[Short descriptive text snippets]
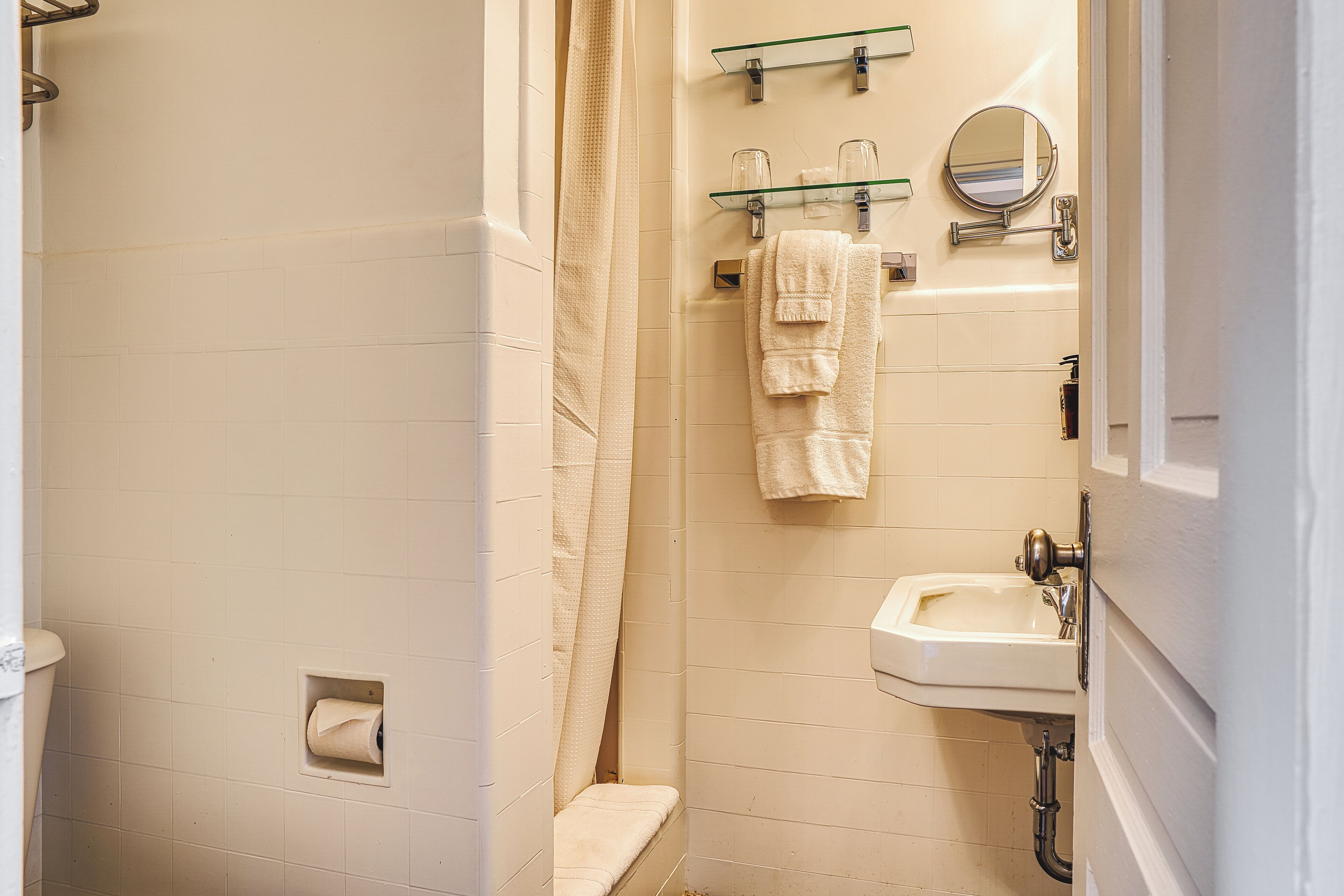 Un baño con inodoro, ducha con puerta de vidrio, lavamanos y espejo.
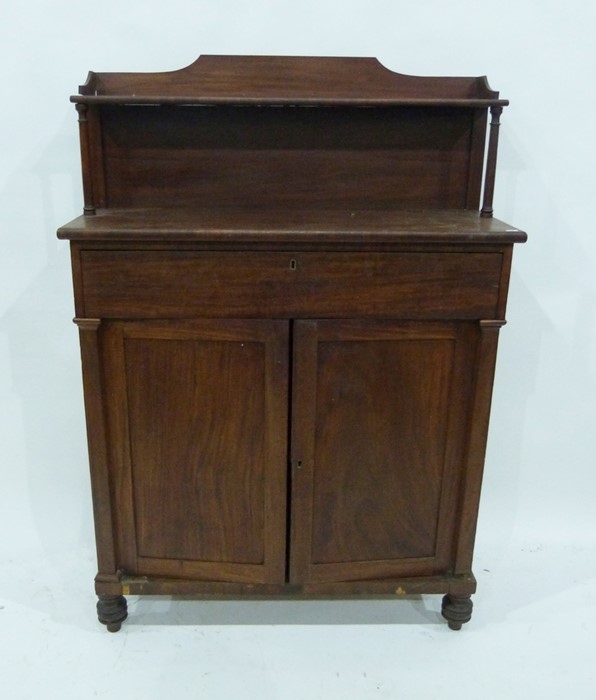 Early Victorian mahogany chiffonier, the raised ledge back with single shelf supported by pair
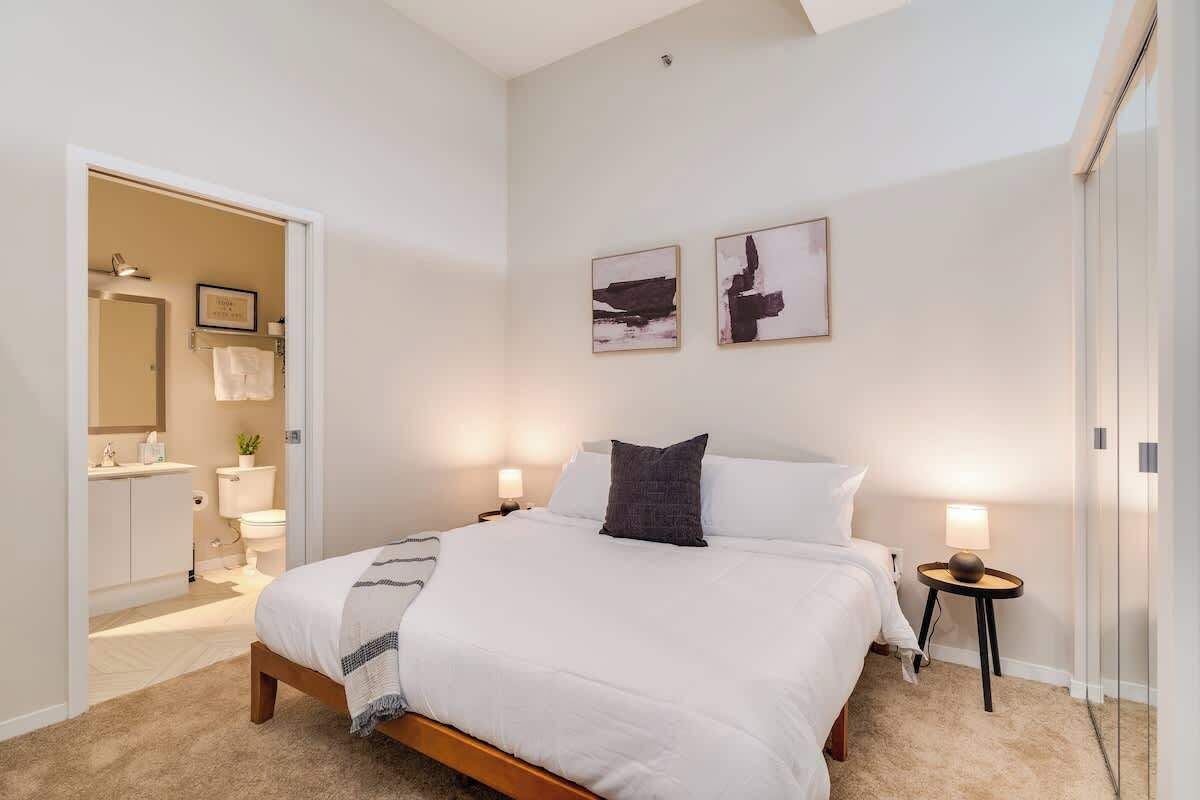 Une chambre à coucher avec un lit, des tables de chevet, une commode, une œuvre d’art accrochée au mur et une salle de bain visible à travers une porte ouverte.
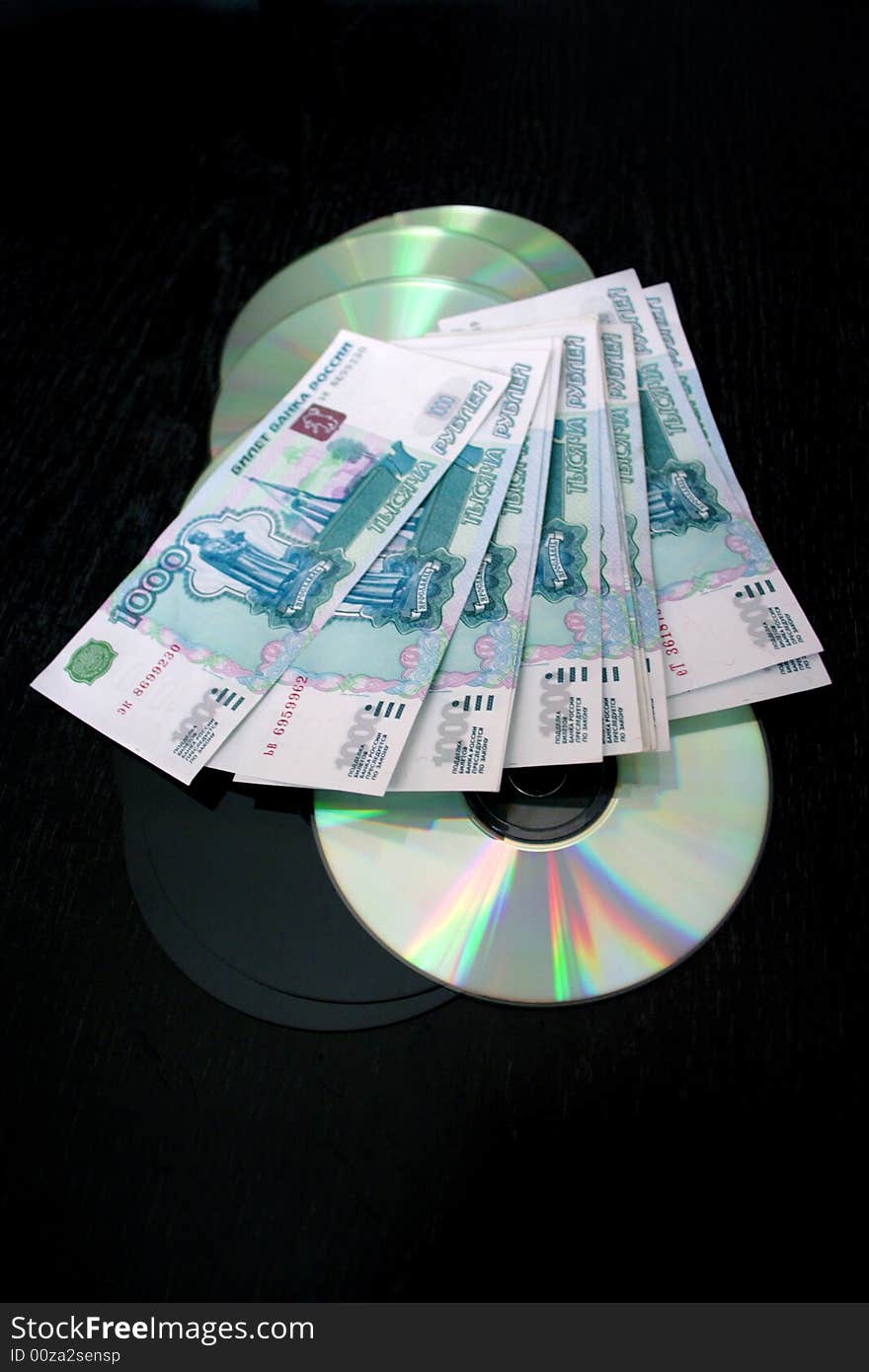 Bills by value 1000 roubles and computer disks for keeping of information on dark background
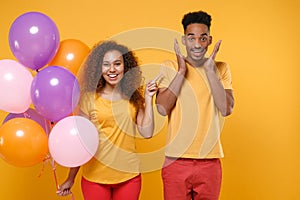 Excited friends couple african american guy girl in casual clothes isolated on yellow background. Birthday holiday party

What to work on:
The result should be the full set of entries above, restated exactly and without images.

Your solution:
 Un baño con inodoro, ducha con puerta de vidrio, lavamanos y espejo.
 Early Victorian mahogany chiffonier, the raised ledge back with single shelf supported by pair
 Une chambre à coucher avec un lit, des tables de chevet, une commode, une œuvre d’art accrochée au mur et une salle de bain visible à travers une porte ouverte.
 Bills by value 1000 roubles and computer disks for keeping of information on dark background
 Excited friends couple african american guy girl in casual clothes isolated on yellow background. Birthday holiday party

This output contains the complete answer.